- [DESCRIPTION OF THE TASK]:
Repeat, exactly as written, the lines from the one with "Judy Graves Stroud" to the final line of the listing, and keep every picture out.

INFORMATION SHOWN section start

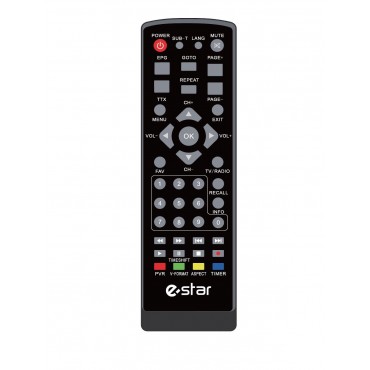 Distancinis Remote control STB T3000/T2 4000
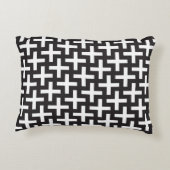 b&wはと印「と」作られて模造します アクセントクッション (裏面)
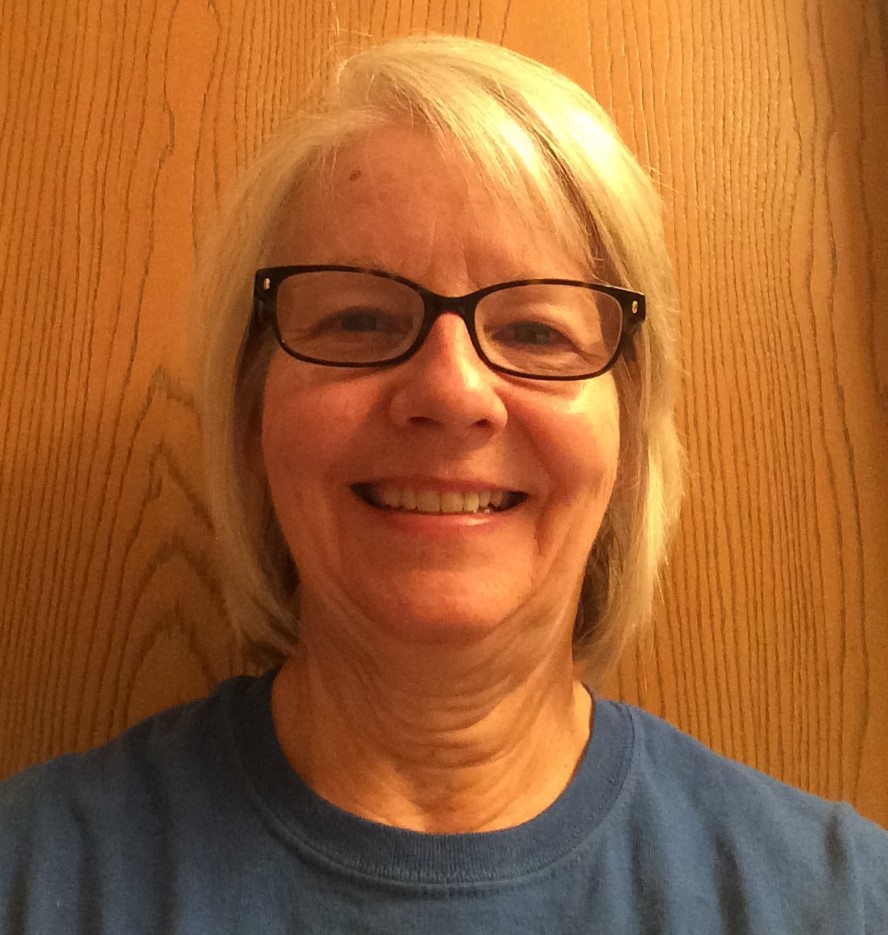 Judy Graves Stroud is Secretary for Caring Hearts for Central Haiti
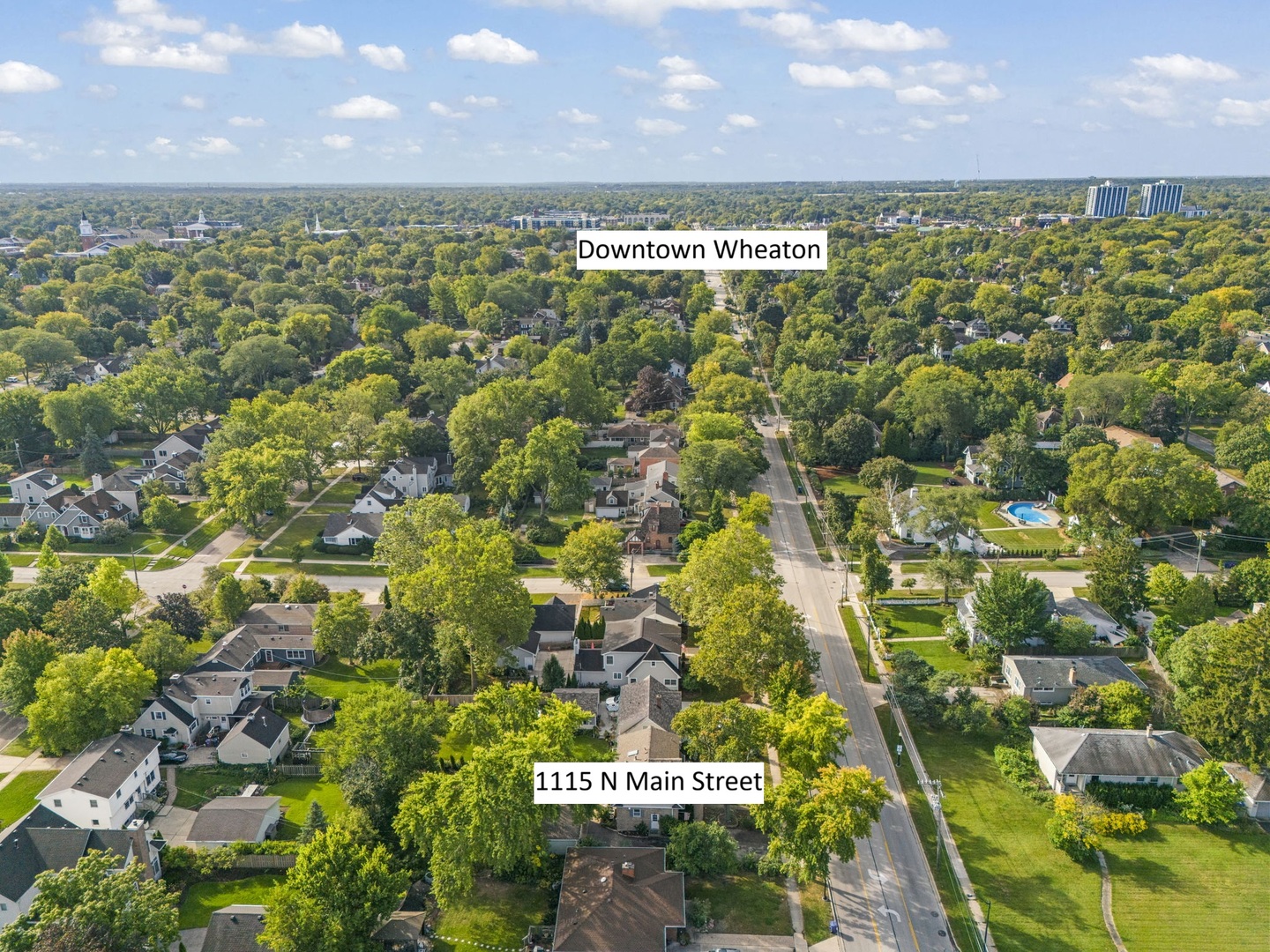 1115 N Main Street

INFORMATION SHOWN section end

- [ANSWER TO THIS EXERCISE]:
 Judy Graves Stroud is Secretary for Caring Hearts for Central Haiti
 1115 N Main Street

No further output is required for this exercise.